Categorização — Outra possibilidade dos meios eletrônicos é a categorização a priori de condições clínicas que não são
conhecidas ou que são apresentadas pelos pacientes de modo
original. O método científico aspira à padronização, mas o
exame clínico usando o método científico é necessariamente
individual. É a ciência médica e sua estrutura teórica colocada a
serviço da necessidade individual dos pacientes.
Nesse sentido, o registro previamente codificado não é o registro da observação clínica, mas o registro da interpretação da
observação. São realidades diferentes. Na eventualidade de o
paciente ser atendido em outra ocasião, o médico terá dificuldade de apreender o que transcorreu na consulta anterior (particularmente se não for o mesmo profissional), e terá que levantar todo o caso clínico novamente, pois o caso em si não está
registrado, mas está registrada a interpretação do caso clínico.
Assim, os conceitos de rigor a serviço da qualidade ou segurança da informação registrada podem se dissipar.

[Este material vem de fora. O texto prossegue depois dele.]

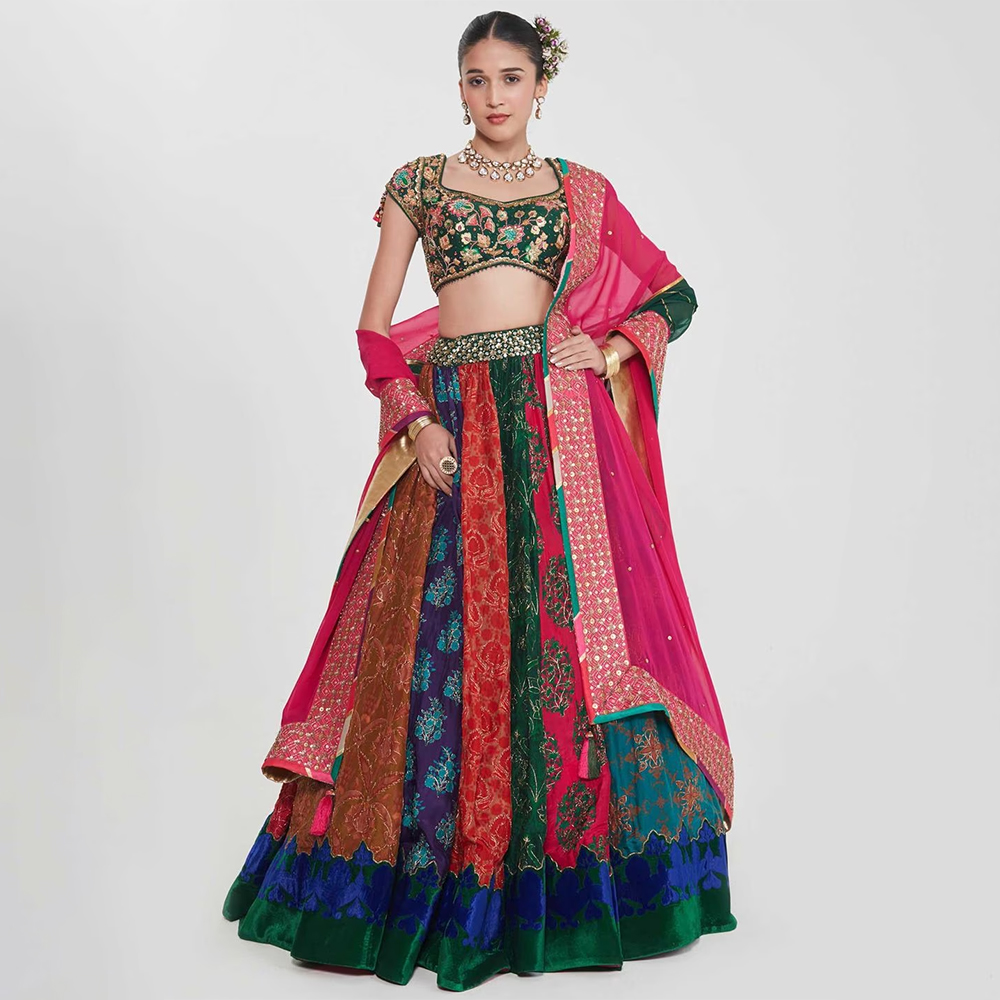 The Multicoloured Hand Embellished Lehanga Set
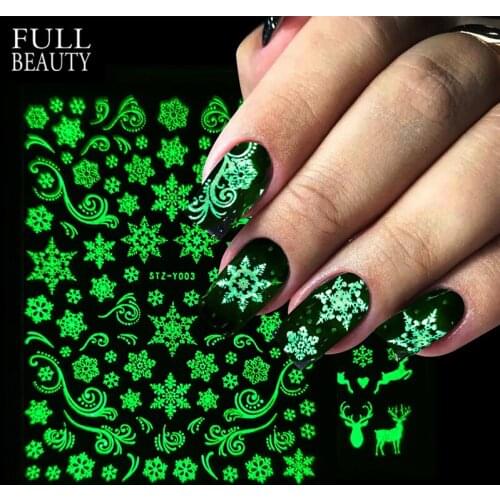 3D Christmas Stickers Nail Art Luminous Snowflakes New Year Decoration 2022 Nail Decals Gel Manicure Sliders Foils Design CHSTZY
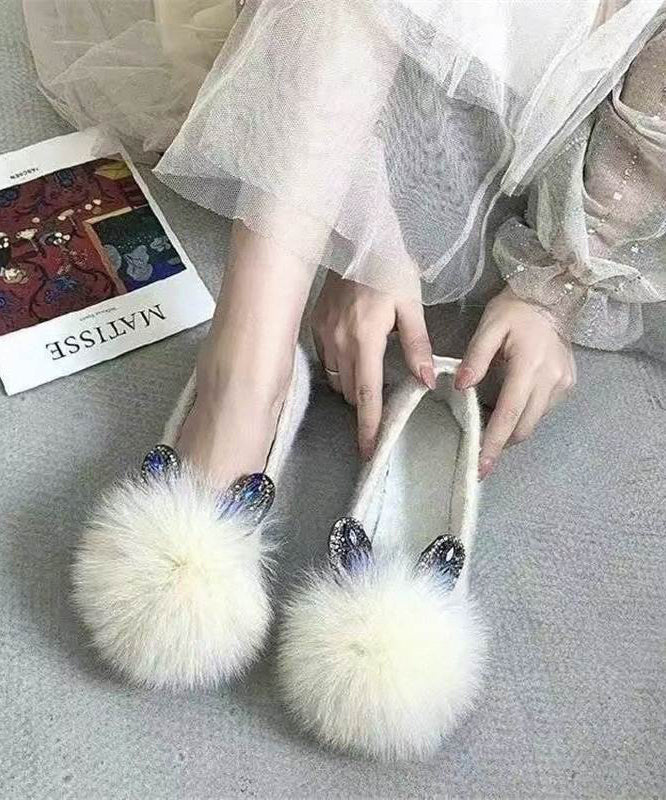 White Fuzzy Fur Splicing Penny Loafers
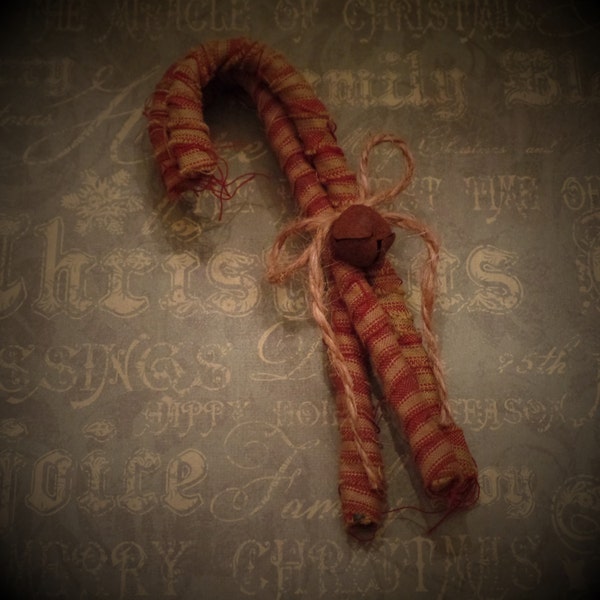 Homespun Fabric Candy Canes & Rusty Jingle Bell~Farmhouse~Country~Twine Bow~Stripes~Christmas~Winter~Package Accent~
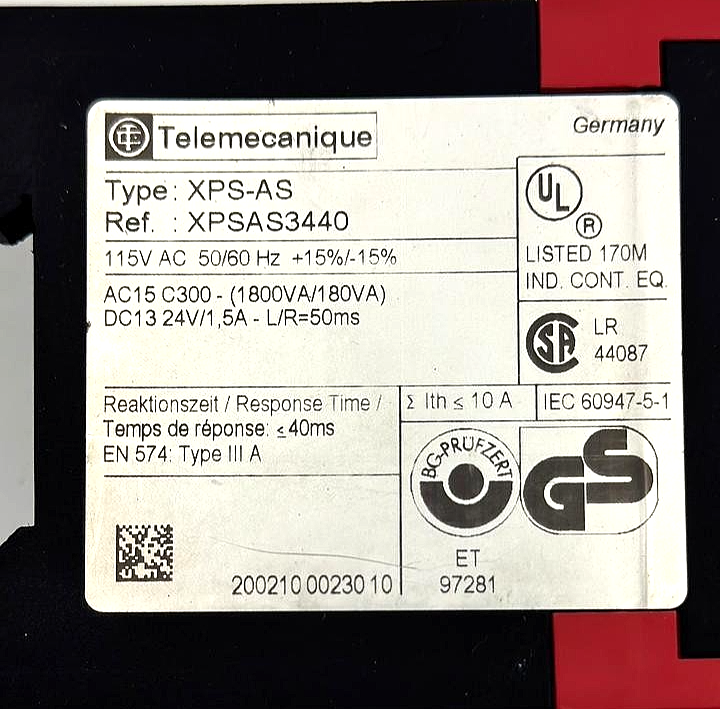 Telemecanique Preventa XPSAS Safety Relay XPSAS3440 | 115V AC | Germany Made3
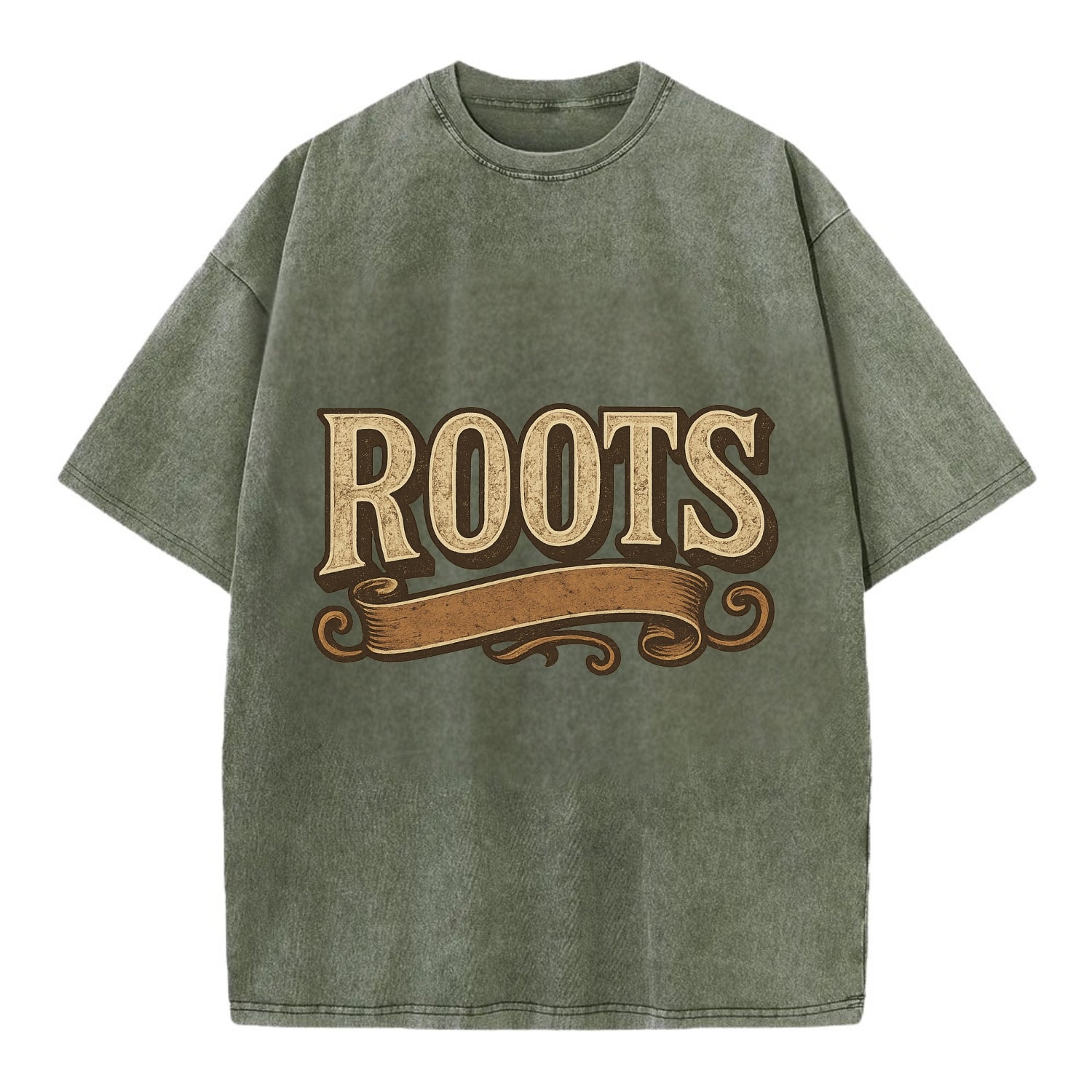 Bold typography design - "ROOTS" - where you come from, heritage - Vintage T-shirt - Army Green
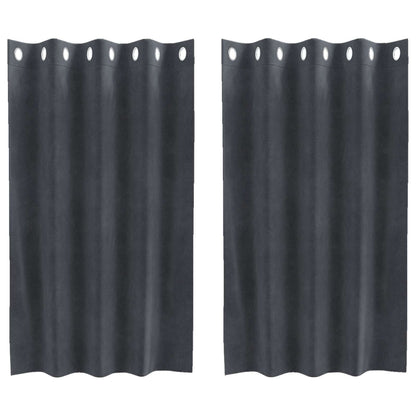 Cortinas opacas 2 pcs Cinzento-claro 140 x 140 cm Veludo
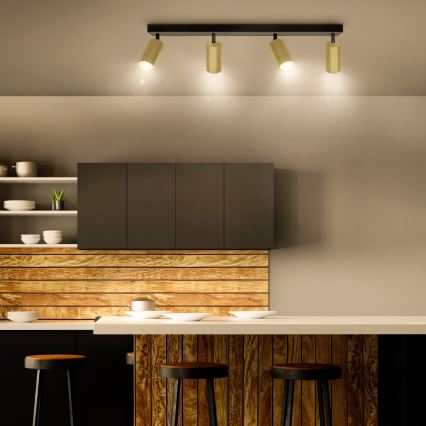 Brilagi - LED RGBW Stmívatelné bodové svítidlo SELE GOLDEN 4xGU10/4,8W/230V 3000K černá/zlatá + dálkové ovládání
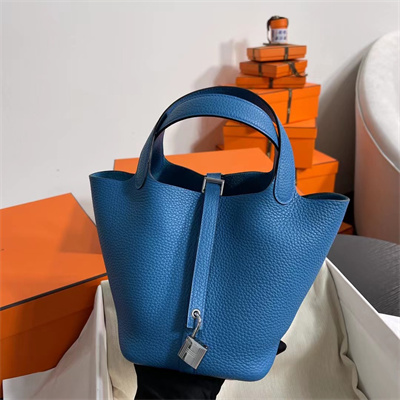 Picotin Lock Bag Togo Leather 18/22CM Gold/Silver Tone Metal In Bleu Zanzibar Color HS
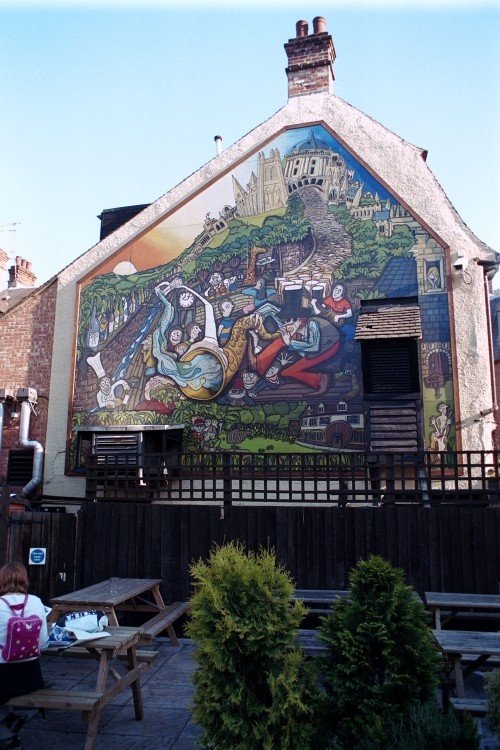 This pub in Oxford is now called the Goose. Notice the beautiful wall! Picture taken July 1999.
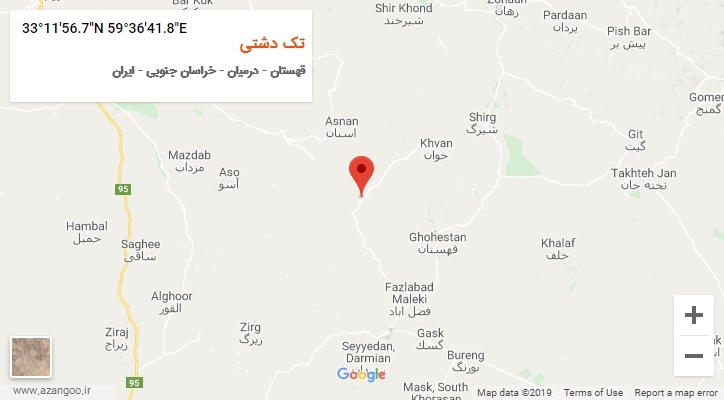 روستای تک دشتی بر روی نقشه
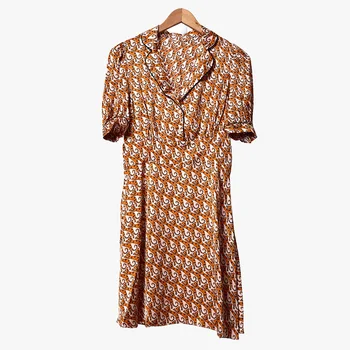 

Women's Cute Animal Print Mini Dress High Waist Short Sleeve Loose V-neck Short Dresses Spring Summer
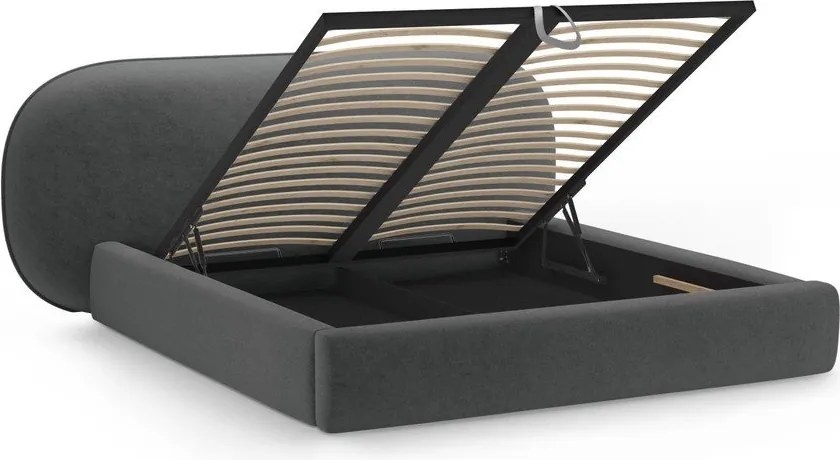 Sötétszürke kárpitozott ágyneműtartós franciaágy ágyráccsal 200x200 cm Ovalo – Micadoni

Poder — na medida em que o sistema é capaz de exigir cláusulas para operar e passar para a próxima página, o sistema em si
adquire poder. Pode ser que este poder estimule a entender-se que
esta seja uma dimensão pedagógica, atrelada à pretensa segurança
ou qualidade ou ao simples fato de fazer exigência. Há sistemas
de treinamento que usam essas prerrogativas para treinamento
específico.
Entretanto, o fazer bem feito não é necessariamente uma decorrência de exigência de sistemas informatizados, pertencem
ao âmbito do método, da boa formação profissional e da cultura na qual a prática se dá.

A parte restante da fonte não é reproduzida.